FIG. 5 is a schematic diagram of the margin tracking cascode current mirror system of this invention;

FIGS. 6A-6D are circuit diagrams of various embodiments of the compound cascode bias circuit shown in FIG. 5;

FIG. 7 is a graph showing the current control voltage accurately tracking the saturation voltage for the margin tracking cascode current mirror system shown in FIG. 5;

FIG. 8 is a graph showing another example of the margin tracking cascode current mirror system shown in FIG. 5 independently controlling the slope and offset of the current control voltage; and

FIG. 9 is a graph showing yet another example of the margin tracking cascode current mirror system shown in FIG. 5 independently controlling the slope and offset of the current control voltage.

PREFERRED EMBODIMENT

Aside from the preferred embodiment or embodiments disclosed below, this invention is capable of other embodiments and of being practiced or being carried out in various ways. Thus, it is to be understood that the invention is not limited in its application to the details of construction and the arrangements of components set forth in the following description or illustrated in the drawings. If only one embodiment is described herein, the claims hereof are not to be limited to that embodiment. Moreover, the claims hereof are not to be read restrictively unless there is clear and convincing evidence manifesting a certain exclusion, restriction, or disclaimer.

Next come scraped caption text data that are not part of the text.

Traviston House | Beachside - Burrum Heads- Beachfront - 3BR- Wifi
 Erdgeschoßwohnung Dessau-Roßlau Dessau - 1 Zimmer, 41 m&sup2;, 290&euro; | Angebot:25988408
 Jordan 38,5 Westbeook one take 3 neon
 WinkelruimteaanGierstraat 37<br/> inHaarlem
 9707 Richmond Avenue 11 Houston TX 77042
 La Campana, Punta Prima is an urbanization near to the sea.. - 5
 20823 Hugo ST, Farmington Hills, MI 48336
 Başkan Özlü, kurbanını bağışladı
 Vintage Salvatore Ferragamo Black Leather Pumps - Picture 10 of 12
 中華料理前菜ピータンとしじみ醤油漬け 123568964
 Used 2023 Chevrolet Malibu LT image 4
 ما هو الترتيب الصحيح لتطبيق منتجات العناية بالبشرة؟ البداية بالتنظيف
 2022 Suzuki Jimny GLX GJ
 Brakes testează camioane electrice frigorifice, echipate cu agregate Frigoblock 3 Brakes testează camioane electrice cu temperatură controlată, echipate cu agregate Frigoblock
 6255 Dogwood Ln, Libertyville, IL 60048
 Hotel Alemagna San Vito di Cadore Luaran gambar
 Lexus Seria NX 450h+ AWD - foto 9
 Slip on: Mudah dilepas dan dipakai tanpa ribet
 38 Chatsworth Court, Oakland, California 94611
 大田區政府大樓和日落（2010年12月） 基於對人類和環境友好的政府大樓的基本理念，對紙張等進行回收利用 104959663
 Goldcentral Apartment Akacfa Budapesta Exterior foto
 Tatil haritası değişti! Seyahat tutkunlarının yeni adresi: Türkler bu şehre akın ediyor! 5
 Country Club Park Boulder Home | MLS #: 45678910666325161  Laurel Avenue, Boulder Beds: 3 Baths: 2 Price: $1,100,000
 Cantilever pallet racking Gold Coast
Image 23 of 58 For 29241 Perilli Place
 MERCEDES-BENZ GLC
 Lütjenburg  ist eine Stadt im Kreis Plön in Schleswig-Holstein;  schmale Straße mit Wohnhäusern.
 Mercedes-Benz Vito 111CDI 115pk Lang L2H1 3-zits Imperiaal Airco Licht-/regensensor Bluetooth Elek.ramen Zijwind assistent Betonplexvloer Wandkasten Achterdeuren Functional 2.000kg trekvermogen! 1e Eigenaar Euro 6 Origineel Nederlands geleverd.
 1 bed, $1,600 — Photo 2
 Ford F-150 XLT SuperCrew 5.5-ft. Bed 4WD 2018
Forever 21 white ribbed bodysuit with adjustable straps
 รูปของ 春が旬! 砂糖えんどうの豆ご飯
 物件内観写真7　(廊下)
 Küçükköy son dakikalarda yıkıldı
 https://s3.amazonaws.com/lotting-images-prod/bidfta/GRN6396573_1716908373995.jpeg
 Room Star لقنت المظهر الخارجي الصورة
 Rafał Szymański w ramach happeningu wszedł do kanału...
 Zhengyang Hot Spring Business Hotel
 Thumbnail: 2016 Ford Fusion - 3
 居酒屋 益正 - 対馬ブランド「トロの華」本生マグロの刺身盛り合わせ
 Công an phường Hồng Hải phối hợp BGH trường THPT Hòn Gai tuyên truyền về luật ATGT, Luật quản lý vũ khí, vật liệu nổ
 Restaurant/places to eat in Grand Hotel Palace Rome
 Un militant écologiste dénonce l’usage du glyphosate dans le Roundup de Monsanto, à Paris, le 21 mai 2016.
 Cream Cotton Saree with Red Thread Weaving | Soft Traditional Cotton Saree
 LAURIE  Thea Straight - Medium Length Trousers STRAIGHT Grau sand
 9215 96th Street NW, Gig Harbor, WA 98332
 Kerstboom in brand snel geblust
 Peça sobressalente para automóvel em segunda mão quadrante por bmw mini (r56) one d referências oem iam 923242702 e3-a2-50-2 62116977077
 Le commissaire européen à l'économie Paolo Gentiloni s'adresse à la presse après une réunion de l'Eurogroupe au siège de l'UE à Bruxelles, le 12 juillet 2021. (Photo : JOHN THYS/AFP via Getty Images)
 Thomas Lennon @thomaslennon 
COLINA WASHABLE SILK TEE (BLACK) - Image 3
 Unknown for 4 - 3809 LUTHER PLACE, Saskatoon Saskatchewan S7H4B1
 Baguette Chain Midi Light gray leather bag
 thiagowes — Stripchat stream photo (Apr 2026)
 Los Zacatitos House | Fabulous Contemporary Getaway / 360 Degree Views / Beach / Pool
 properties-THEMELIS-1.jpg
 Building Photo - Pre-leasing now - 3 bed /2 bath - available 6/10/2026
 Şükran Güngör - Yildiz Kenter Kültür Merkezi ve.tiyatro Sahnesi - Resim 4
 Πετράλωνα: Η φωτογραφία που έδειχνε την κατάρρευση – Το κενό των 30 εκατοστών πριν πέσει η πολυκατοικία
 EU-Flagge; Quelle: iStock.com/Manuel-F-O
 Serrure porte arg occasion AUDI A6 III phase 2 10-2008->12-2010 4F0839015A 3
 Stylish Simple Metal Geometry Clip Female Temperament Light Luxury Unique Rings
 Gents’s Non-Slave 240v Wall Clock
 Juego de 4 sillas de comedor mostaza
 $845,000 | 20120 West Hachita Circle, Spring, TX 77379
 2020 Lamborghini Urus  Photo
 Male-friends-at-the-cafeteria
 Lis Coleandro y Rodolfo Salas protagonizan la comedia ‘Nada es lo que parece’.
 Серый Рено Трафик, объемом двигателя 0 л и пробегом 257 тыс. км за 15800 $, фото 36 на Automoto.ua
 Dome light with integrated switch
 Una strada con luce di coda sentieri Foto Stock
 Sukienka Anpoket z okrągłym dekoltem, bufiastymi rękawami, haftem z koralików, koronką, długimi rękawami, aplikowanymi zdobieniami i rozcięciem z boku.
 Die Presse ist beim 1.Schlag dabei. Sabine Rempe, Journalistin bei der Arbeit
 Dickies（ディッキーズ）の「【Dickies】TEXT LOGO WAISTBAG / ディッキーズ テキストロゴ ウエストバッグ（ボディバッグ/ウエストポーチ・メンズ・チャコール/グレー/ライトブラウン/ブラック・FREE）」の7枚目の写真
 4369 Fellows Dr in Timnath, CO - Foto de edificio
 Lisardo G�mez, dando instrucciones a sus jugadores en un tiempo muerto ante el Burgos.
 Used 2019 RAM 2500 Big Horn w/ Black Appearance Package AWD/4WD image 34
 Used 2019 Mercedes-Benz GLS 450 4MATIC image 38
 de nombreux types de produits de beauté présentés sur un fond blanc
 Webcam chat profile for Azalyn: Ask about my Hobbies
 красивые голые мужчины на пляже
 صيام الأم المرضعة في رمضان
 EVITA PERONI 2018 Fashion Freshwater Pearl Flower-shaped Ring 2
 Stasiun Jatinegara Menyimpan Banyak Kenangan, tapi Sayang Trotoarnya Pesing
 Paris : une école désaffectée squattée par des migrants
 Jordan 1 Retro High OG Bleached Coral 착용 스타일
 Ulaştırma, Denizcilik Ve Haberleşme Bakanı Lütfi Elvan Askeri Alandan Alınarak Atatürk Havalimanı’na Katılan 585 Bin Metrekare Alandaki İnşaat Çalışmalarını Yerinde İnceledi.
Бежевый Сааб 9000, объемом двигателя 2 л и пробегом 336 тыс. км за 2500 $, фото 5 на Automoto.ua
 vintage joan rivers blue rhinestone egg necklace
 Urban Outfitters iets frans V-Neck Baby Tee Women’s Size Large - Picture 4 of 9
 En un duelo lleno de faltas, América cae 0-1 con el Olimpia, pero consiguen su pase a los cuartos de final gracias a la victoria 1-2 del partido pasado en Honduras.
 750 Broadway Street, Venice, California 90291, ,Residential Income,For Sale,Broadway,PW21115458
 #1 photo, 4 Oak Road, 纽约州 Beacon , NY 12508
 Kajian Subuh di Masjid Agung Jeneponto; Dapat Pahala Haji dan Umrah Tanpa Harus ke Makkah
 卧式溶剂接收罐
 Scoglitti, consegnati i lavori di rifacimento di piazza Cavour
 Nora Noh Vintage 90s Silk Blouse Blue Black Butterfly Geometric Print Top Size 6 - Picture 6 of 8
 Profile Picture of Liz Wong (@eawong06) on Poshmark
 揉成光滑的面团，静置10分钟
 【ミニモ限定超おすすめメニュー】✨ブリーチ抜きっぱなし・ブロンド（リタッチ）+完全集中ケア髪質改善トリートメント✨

To overcome the problems associated with mismatched currents of a conventional current mirror circuit, conventional cascode current mirror circuit 50, FIG. 1 includes current mirror circuit 52 with current reference device 54 and current source device 56. To overcome the problems associated with the load voltage, V_Y, indicated at 58, varying due to load circuit 61, cascode current mirror circuit 50 includes cascode bias device 60 which forward biases the V_GS of cascode device 62. Cascode device 62 develops a current control voltage, V_X, at node 64 that eliminates the problems associated with variations due to load circuit 61 affecting the V_DS of current source device 56. Current reference device 54 applies a threshold voltage, V_T, plus a gate overdrive voltage to enable current source device 56 to conduct current, i_D, on line 66. Because the V_DS of current source device 56 is no longer affected by load circuit 61, the current, I_BIAS, supplied by current source 57 to input leg 70 of cascode device 50 is approximately equal to the current in output leg 68.

However, as discussed above, the current mirror of conventional cascode current mirror 50 relies on utilizing the threshold voltage, V_T, (plus a small gate overdrive voltage) to enable current source device 56 and ensure that current source device 56 is operating in the constant current region above V_DSAT. Because V_T is very large, cascode current mirror 50 generates an excessive voltage margin that wastes valuable headroom.

Moreover, as shown in FIG. 2, cascode current mirror 50 does not maintain a constant voltage margin, indicated at 69, between the current control voltage, V_X, 71 and the saturation voltage 73 of current source device 56, as temperature varies. Hence, cascode current mirror 50 is headroom constrained by the worst-case voltage margin, e.g., the voltage margin indicated at 75.

Improved cascode current mirror 80, FIG. 3, where like parts have been given like numbers, includes third leg 82 that has a first cascode bias device 84 that replicates the V_GS of cascode device 62 and a second cascode device 86 which attempts to replicate V_DSAT plus a reduced fixed margin of current source device 56 to eliminate the problems associated with utilizing a threshold voltage, V_T, to enable current source device 56. Although improved cascode current mirror circuit 80 no longer relies on the threshold voltage, it also does not accurately track the voltage margin between the current control voltage, V_X, indicated at 64 and the saturation voltage of current source device 56 as temperature varies. For example, as shown in FIG. 4, the voltage margin, 104 between the current control voltage 100 and the saturation voltage 102 of current source device 56 is not accurately tracked as the temperature increases. Moreover, improved cascode current mirror circuit 80 relies on adjusting both the amount of voltage margin (offset) and slope of the current control voltage at the same time (e.g., with one control “knob”) to generate the current control voltage curve 100. For example, improved cascode current mirror 80, FIG. 4, generates current control voltage curve 106 that is generated by adjusting one set of slope and voltage margin (offset) characteristics. Similarly, current control voltage curve 102 is generated by adjusting a different set of voltage margin (offset) and slope characteristics. Therefore adjusting one of the slope and margin necessarily adjusts the other and so it is difficult to optimize both.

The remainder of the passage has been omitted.